Featured TV on DVD Review: Tales from the Darkside: The Final Season

November 10, 2010

Tales from the Darkside: The Final Season - Buy from Amazon

This DVD came out a couple weeks before Halloween, which is great timing for a horror anthology show. However, the screener didn't arrive till this week, which is really bad timing. That said, does Tales from the Darkside end its run on a high note, or did the show just sort of fade away?

The Show

The previous season was possibly the best in the show's run, so I had high hopes going into this season. It started out okay with Beetles, which was about an amateur archeologist (graverobber) who stumbles upon a curse. It set the mood well, but was a little repetitive and the big reveal wasn't that shocking. (It did feature a pre-TNG Colm Meaney.) Mary, Mary had a good twist, but the rest of the episode was below average. The twist for The Spirit Photographer was telegraphed a mile away, so it was less effective. The Moth features Deborah Harry and it is one of the better episodes of the season. No Strings is gruesome and weird, but not engaging. The Grave Robber is another archeologist episode, but while it features a mummy curse, it is played for laughs more than anything else.
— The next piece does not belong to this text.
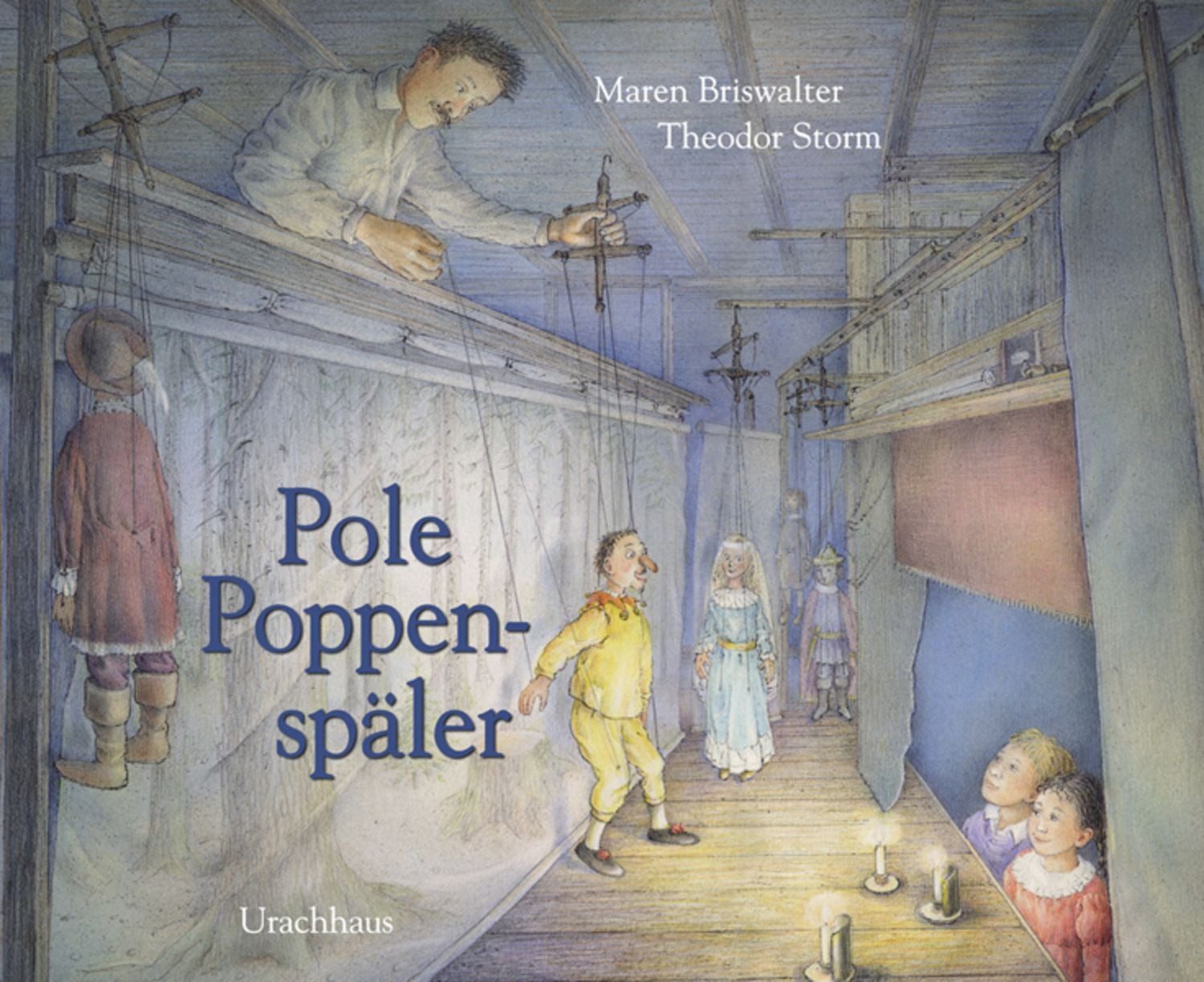 Pole Poppenspäler / Theodor Strom, Theodor Storm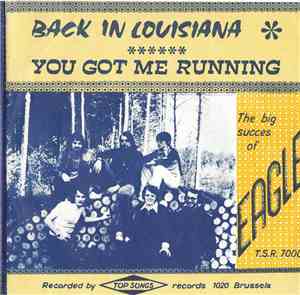 Eagle - Back in Louisiana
Disc two starts with The Yattering and Jack, which is about a small demon trying two damn a very, very cheerful and optimistic man. Seymourlama looks in on a dysfunctional family and how they react when their teenage son is thought to be the next High Lama. Neither of them are exactly hits. In Sorry, Right Number a woman gets a frantic phone call from a woman and she can't understand what she's saying. She recognizes the tears and starts frantically calling her daughter at college, her mother, and her sister to find out who it was, but that's the twist. One of the better episodes this season. On the other hand, Payment Overdue is a little weak. It has a collection agent forced to see what it's like to be on the other side of the phone calls. In Love Hungry an overweight woman receives an unsolicited package to help her lose weight, a hearing aid that lets her hear the voices of the food she's eating. Bradley Whitford makes a guest appearance in The Deal as a screenwriter who accidentally makes a deal with the devil to sell a script. It should come as no surprise this deal backfires. The disc ends with The Apprentice, in which a woman gets a job at a historical site where she it to reenact Puritan life, only to travel back in time to experience the real thing.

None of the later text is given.